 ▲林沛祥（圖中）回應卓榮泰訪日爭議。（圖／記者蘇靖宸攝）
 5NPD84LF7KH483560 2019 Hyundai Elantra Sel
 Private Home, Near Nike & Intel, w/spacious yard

- - -

▶ What needs to be done: Give back the whole of the data above, exactly as written.

▶ Worked solution:
 ▲林沛祥（圖中）回應卓榮泰訪日爭議。（圖／記者蘇靖宸攝）
 5NPD84LF7KH483560 2019 Hyundai Elantra Sel
 Private Home, Near Nike & Intel, w/spacious yard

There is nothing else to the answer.